- **PROBLEM REQUIREMENTS**: Output the listing below verbatim, without images.

- **DATA SECTION**:
......

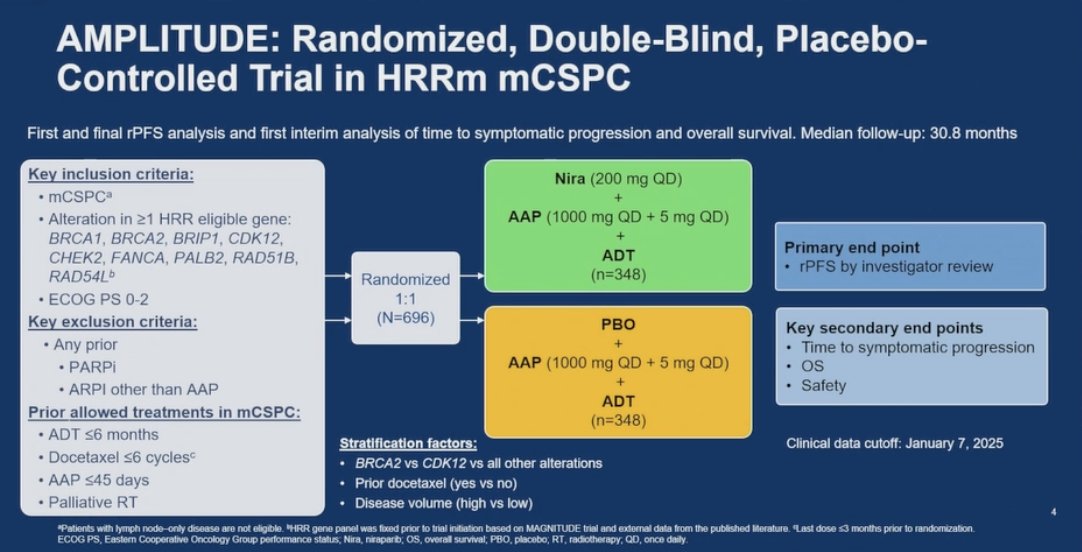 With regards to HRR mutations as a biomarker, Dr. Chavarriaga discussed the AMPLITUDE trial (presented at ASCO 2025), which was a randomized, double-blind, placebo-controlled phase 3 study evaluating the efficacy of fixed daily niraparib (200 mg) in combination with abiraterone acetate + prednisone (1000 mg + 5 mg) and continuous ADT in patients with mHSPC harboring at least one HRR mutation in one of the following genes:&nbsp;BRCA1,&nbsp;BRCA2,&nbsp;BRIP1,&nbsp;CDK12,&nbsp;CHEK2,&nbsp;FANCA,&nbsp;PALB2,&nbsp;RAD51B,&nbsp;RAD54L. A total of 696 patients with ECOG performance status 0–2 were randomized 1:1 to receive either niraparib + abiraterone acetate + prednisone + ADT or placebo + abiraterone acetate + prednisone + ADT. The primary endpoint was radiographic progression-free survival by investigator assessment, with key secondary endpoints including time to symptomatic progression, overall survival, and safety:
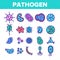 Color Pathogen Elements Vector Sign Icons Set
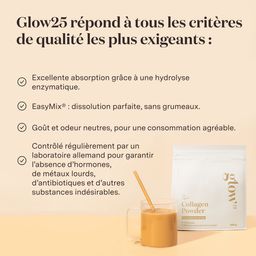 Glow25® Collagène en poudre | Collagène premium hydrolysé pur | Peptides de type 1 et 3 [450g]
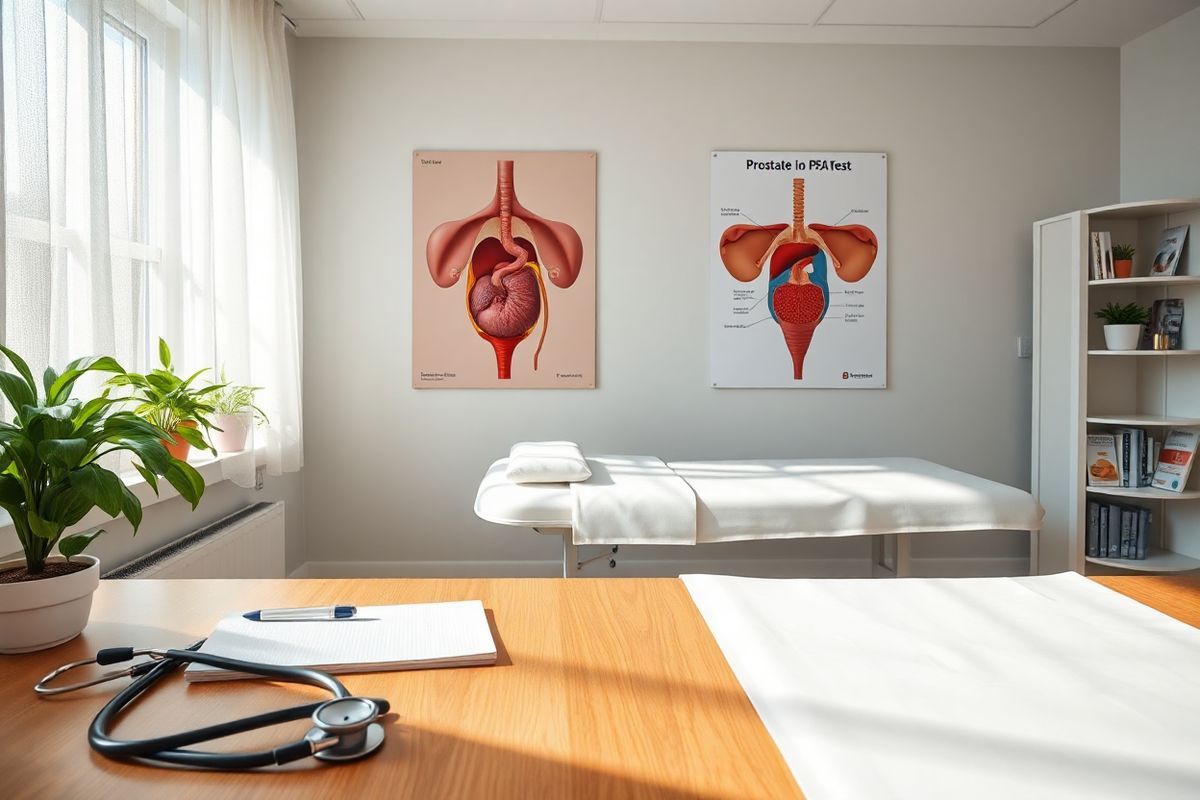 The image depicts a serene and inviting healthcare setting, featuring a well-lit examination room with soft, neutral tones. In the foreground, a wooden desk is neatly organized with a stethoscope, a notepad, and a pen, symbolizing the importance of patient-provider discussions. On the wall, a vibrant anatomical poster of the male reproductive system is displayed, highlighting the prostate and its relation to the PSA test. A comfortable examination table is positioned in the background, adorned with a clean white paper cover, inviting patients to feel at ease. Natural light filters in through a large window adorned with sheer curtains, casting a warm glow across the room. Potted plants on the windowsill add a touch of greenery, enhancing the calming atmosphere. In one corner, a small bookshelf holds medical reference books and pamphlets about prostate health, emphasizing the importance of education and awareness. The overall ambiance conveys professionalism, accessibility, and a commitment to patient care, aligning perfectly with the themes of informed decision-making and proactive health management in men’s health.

......

- **RESULT OF THIS TASK**:
 With regards to HRR mutations as a biomarker, Dr. Chavarriaga discussed the AMPLITUDE trial (presented at ASCO 2025), which was a randomized, double-blind, placebo-controlled phase 3 study evaluating the efficacy of fixed daily niraparib (200 mg) in combination with abiraterone acetate + prednisone (1000 mg + 5 mg) and continuous ADT in patients with mHSPC harboring at least one HRR mutation in one of the following genes:&nbsp;BRCA1,&nbsp;BRCA2,&nbsp;BRIP1,&nbsp;CDK12,&nbsp;CHEK2,&nbsp;FANCA,&nbsp;PALB2,&nbsp;RAD51B,&nbsp;RAD54L. A total of 696 patients with ECOG performance status 0–2 were randomized 1:1 to receive either niraparib + abiraterone acetate + prednisone + ADT or placebo + abiraterone acetate + prednisone + ADT. The primary endpoint was radiographic progression-free survival by investigator assessment, with key secondary endpoints including time to symptomatic progression, overall survival, and safety:
 Color Pathogen Elements Vector Sign Icons Set
 Glow25® Collagène en poudre | Collagène premium hydrolysé pur | Peptides de type 1 et 3 [450g]
 The image depicts a serene and inviting healthcare setting, featuring a well-lit examination room with soft, neutral tones. In the foreground, a wooden desk is neatly organized with a stethoscope, a notepad, and a pen, symbolizing the importance of patient-provider discussions. On the wall, a vibrant anatomical poster of the male reproductive system is displayed, highlighting the prostate and its relation to the PSA test. A comfortable examination table is positioned in the background, adorned with a clean white paper cover, inviting patients to feel at ease. Natural light filters in through a large window adorned with sheer curtains, casting a warm glow across the room. Potted plants on the windowsill add a touch of greenery, enhancing the calming atmosphere. In one corner, a small bookshelf holds medical reference books and pamphlets about prostate health, emphasizing the importance of education and awareness. The overall ambiance conveys professionalism, accessibility, and a commitment to patient care, aligning perfectly with the themes of informed decision-making and proactive health management in men’s health.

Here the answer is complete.